The developments since Uri attack which killed 19 soldiers have followed more or less a surreal trajectory. The attack came days ahead of the United Nations General Assembly session where the ongoing Kashmir ferment was supposed to pit Pakistan against India. Pakistan would highlight the ongoing atrocities in Kashmir, this time backed up with some immediate solid evidence, and seek global attention towards the troubled situation in the state and to the need for the resolution of the Kashmir issue. And India, on its part, would do everything to not let Pakistan succeed in turning Kashmir into a ‘hot issue’ at UN. While this script played out as expected with New Delhi achieving a fair degree of success in its diplomatic goals than Pakistan, the Uri attack had dramatically altered the context of the discussion on Kashmir and to Pakistan’s disadvantage.
This almost makes one beg the all important question: Why Uri? At that time, the attack appeared to many analysts a deliberate act geared to provoke India in the run up to UN General Assembly session. And a very calculated provocation at that. Pakistan seemed to want New Delhi to respond in kind and then escalate the conflict. And should that have happened, Kashmir could be expected to become the centre of global attention amid the UN session. The clash between nuclear armed rivals would have alarmed the world, making a case for some international intervention which Pakistan desperately wants.
The attack was thus seen as a well-laid trap. By adopting a muscular approach towards Pakistan, and rallying his support base around it, Modi seemed to have left himself no other honourable option but to retaliate to Uri in kind. And if it did, it was going to work to Pakistan’s plan. But if at all this was the thinking behind the attack it didn’t pan out as planned. New Delhi waited out UN session, milked the Uri attack to buttress its argument on Pakistan sponsored terror and got the world to overlook Kashmir situation. And when this was achieved, it claimed to have launched a strike across LoC at the “terror launch pads”. Far from being outraged at India’s chest thumping announcement, Pakistan promptly denied any strikes had taken place, giving the country no reason to retaliate.
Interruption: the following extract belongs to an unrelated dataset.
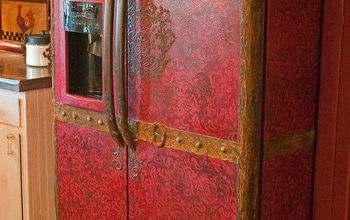 SK's Old Dinged Refrigerator*Vintage Steamer Trunk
Pakistan has since stuck to this line, even while India has gone to great lengths to gloat about the attack with some senior ministers even ridiculing Islamabad’s inability to stop the strike. The Defence Minister Manohar Parrikar said Pakistan was under anaesthesia after the strike.
So, something is seriously amiss somewhere. If all that Uri attack achieved was further global isolation of Pakistan and the obscuring of the ongoing and unprecedented Kashmir upsurge, who executed it and why. Islamabad has denied it was involved in the attack and blamed New Delhi for it, but the country has singularly failed to convince any one about its innocence. Nor has Pakistan made any great effort to press this point home, choosing instead to lie low and let the world understand what it chooses to. New Delhi, on the contrary, has not only convinced the world of its stand, but more or less also rallied it behind its surgical strike. What is more, it has galvanized the great powers to mount further diplomatic pressure on Pakistan to abandon its alleged support to terror. And if there was any doubt that the isolation is not happening or the pressure is not working on Pakistan, the Dawn story has snapped us out of the illusion. It reveals that the civilian government has told the Army that it should act against the militant groups if Pakistan was to pre-empt the global isolation.